27 Ekim 2010

Kemal Kılıçdaroğlu’nun Sonu

Cumhuriyet Halk Partisi kendi içinde muhkem bir bürokrasisi olan ve kırılması zor bir kabuğa sahiptir. Partinin yeniliğe açık olmayışının her türlü siyasi yansımasını yine ülkemiz halkı çekmiştir. Zira CHP tek partili iktidarlığı döneminde olduğu gibi altmış yıllık çok partili siyasi hayatımızda da gelişimin ve yeniliği önünde set olmuştur.
CHP aslında Osmanlı’dan Cumhuriyete geçişin bir anahtarı idi. Bu rolünü öyle bir sahiplenmişti ki Osmanlı’dan geriye her ne kaldı ise sem siyaset mecrasından hem de sosyal hayatın içinden silip yerine yeni bir yaşam tarzı olan cumhuriyeti yerleştirmeyi amaç edinmiştir.

Ama kuruluş felsefesindeki bu yenilik be gelişim maksadı zaman içinde sekteye uğradı ve CHP adeta “değişim” kelimesini işitmeye bile tahammül edemez bir noktaya geldi. Partinin bu konuma gelmesinin iki önemli sebebi bulunmaktadır.
Bunlardan ilki CHP’nin üst kadrolarının ülkemiz halkını sürekli “güdümleyerek” bir yerlere taşıma eğilimi içinde olmalarının sonucudur. CHP yönetimine göre Türk halkı, “çağdaş ve modern dünyaya” yani muasır medeniyet seviyesine ancak ve ancak CHP gibi “belli başlı kadroların” onların önlerine koyacakları ilerleme programları ile ulaşabilirler.
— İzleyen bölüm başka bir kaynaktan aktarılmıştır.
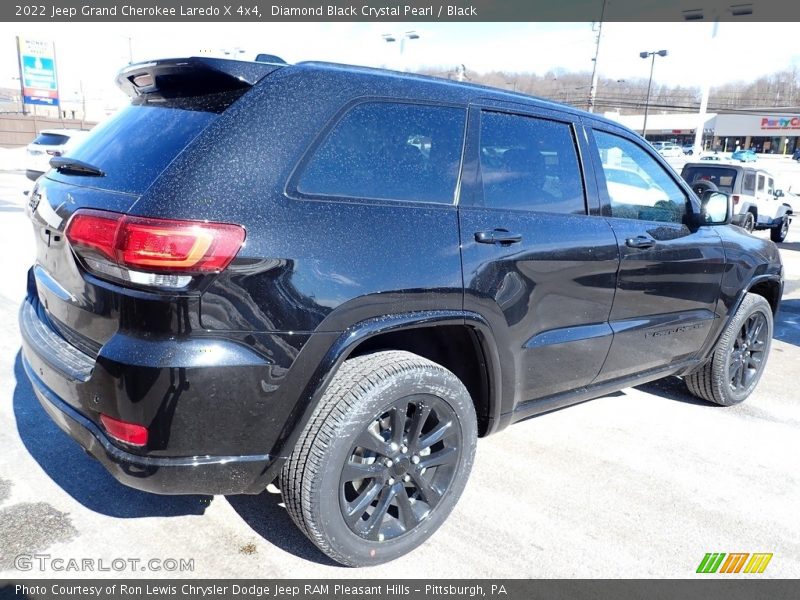 Diamond Black Crystal Pearl / Black 2022 Jeep Grand Cherokee Laredo X 4x4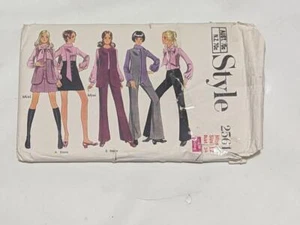 Vintage Sewing Pattern Style 2561 - Mini Skirt Blouse pan 1969 Sz 12 Bust 34" - Picture 1 of 2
Bu bağlamda da CHP zihniyetinde ülkemizin sosyolojik coğrafyasına baktığımızda Ankara’nın batısı sanayileşme ile Batılı bir hayat tarzına erişebilecek olanların yaşadığı bölge olarak yerini alır. Buna karşın Ankara’nın doğusu ise Orta Asya temelli bir kabile yaşantısının Anadolu sınırları içine sıkışmış dönemin yaşam şeklidir. Böylece Ankara’nın doğusu tarımı (gelişmişlik öncesini), batısı ise sanayi (modernliği) temsil etmektedir.
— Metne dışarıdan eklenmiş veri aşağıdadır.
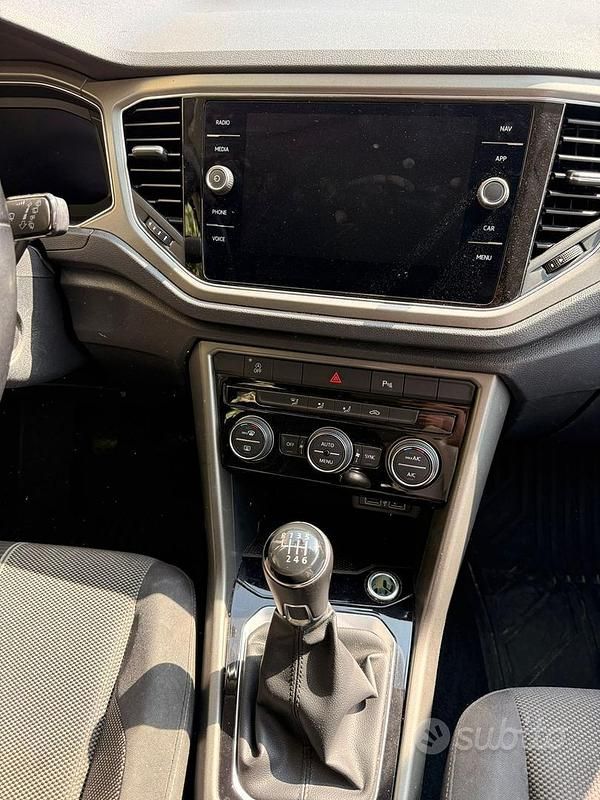 Usata VW T-Roc 116 CV (85 kW) 2020 Grigio SUV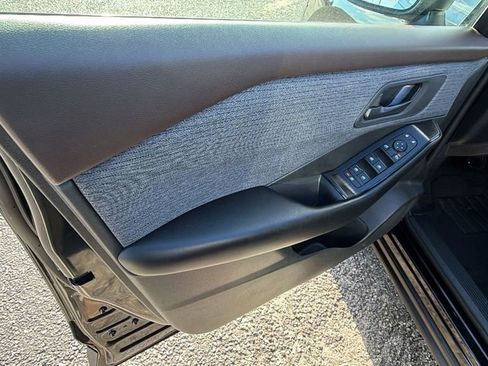 Used 2023 Nissan Rogue S image 11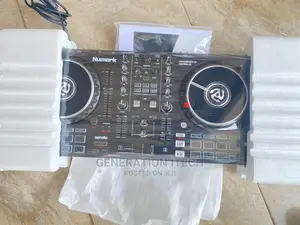 Numark Mixtrack Pro Fx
Halkın CHP güdümüyle hareket ettirilmesi görüşü de bu CHP zihniyet coğrafyasında şu şekilde yansımasını bulmuştur. Her türlü modern eğilimler ve gelişmeler, ilmi ve edebi yatırımlar, kültürel ve sosyolojik değişimler önce batıdan başlayacaktır. Zaten bu anlayış Tanzimat döneminde de Osmanlı sınırlarına batıdan girmiştir. “Öyleyse Anadolu’nun da önce batısını adam etmek gerekir”.
Doğu ise insan ile toprağın, hayvancılığın kaderine bırakılmıştır. Ama doğunun asli görevi öncelikli olarak batının temel besin ve diğer yaşam ihtiyaçlarını karşılayıcı alt hizmetleri sunmasındadır. Böylece Anadolu, bir tarafıyla çalışıp didinirken diğer taraftan da aydınlanmacılığın ilk ışıklarını vermesinin ümit edildiği batılı bölge ve illerimizi beslemesi vazifesini almıştır.
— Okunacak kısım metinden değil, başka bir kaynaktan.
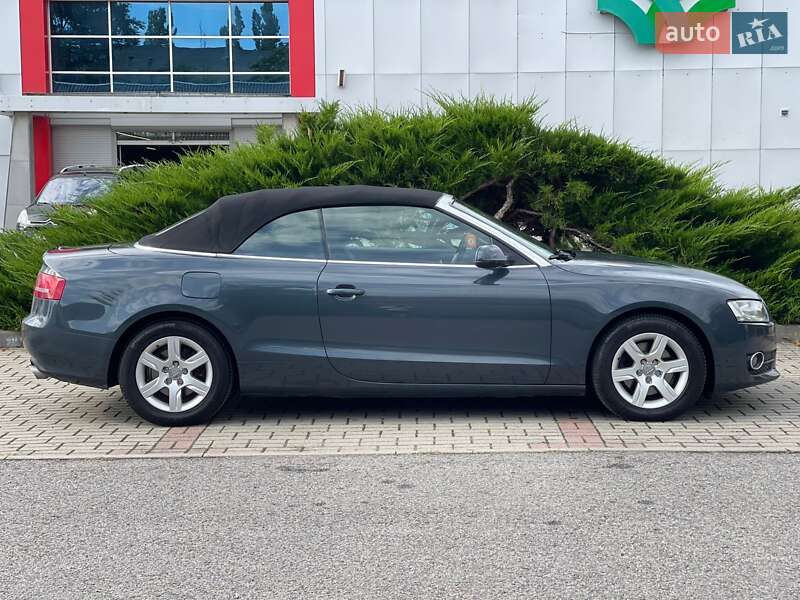 Кабриолет Audi A5 2010 в Ужгороде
Bu güdümlü halk politikasının sonucunda ise CHP’nin hiç de akıl erdiremediği bir şeyler oldu ülkemizde. Bu gelişme halkın aydınlanmaya sahip çıkmasıdır. Hatta CHP’lilerin bile “bu halk ne kadar uğraşırsan uğraş bir seviyeden öteye geçemez” deyişlerini yerle bir ederek, halkımız cumhuriyete sahip çıkmıştır.
Ama halkımızın cumhuriyete sahip çıkması CHP’ye sahip çıkması anlamına gelmiyordu. Bunu fark eden CHP yönetimi cumhuriyet ile CHP arasına halkın hangi değerleri koyduğunu fark etmekte gecikmedi. Bu değer “halkın iradesi” idi. Yani cumhuriyetin esası olmasına karşın CHP yönetiminin “halk kendi iradesini nasılsa gösteremez, güdümle hareket ettirilmesi gerekir” anlayışına bu durum oldukça ters idi.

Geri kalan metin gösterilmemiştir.